Use the download.file function. Leave all arguments at default, except url and destfile. Put the file into the the folder where you can store your own data. Use the end part of the original file name and give it a prefix gapminder_ and keep doing this with all files that you happen do download from this source. This will help you keep a system in your files.
10 https://www.gapminder.org/
11 Read files with base R or tidyverse
File too big to open in a text editor?
Inspect it reading it as text lines (first 3 lines)
mypath <- glue(file.path(project_path, datasaving_folder, "gapminder_hourly_labour_cost_constant_2017_\\
usd--by--geo--time.csv"))library(readr)
read_lines(
file = mypath,
n_max = 3)[1] "geo,time,hourly_labour_cost_constant_2017_usd"
[2] "arg,2011,0.92"
[3] "arg,2012,1.04"
readLines(
con = mypath,
n = 3)[1] "geo,time,hourly_labour_cost_constant_2017_usd"
[2] "arg,2011,0.92"
[3] "arg,2012,1.04"
What you are seeing are the first three lines of a tabular file we have just read as a text file, assuming no columns or headers.

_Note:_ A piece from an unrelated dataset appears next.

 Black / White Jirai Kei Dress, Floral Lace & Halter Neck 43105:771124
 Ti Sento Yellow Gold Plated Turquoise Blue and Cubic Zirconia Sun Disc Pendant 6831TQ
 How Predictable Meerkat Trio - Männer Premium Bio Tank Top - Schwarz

This comes handy when you do not know the structure of the file and it is too large to open interactively in a text editor, for instance. So you read lines of text. In plain text files, each line ends when the author hit Enter. (So in our terms it is rather a paragraph than a line!)
A tabular file is a plaintext file where each line is one table row and the columns are on each line separated by the same character (throughout the file). The best-known tabular format is comma-separated values (csv). The original U.S. format uses comma. The European csv uses semicolons because comma is often reserved for the decimal operator (vs. decimal point in the U.S.). To skip these issues altogether, you better save your files as tsv (tab-separated values).
In the code above you see two functions that look similar and whose output looks exact the same. One is a base-R function, the other is from a tidyverse package called readr. Feel free to choose either and just make a mental note that there is an alternative. Sometimes, when a file is tricky to read in with one function, it goes well with the other.
Look at the Help to either function and explore its other arguments using the file you have just loaded.
12 Reading a table with readr
read_csv,read_csv2,read_tsv: tailored to the common separators,,;, tabread_delim: you name the separator (aka delimiter), more arguments
read_csv(file = mypath,
n_max = 3) #just top 3 rowsRows: 3 Columns: 3
── Column specification ────────────────────────────────────────────────────────
Delimiter: ","
chr (1): geo
dbl (2): time, hourly_labour_cost_constant_2017_usd
ℹ Use `spec()` to retrieve the full column specification for this data.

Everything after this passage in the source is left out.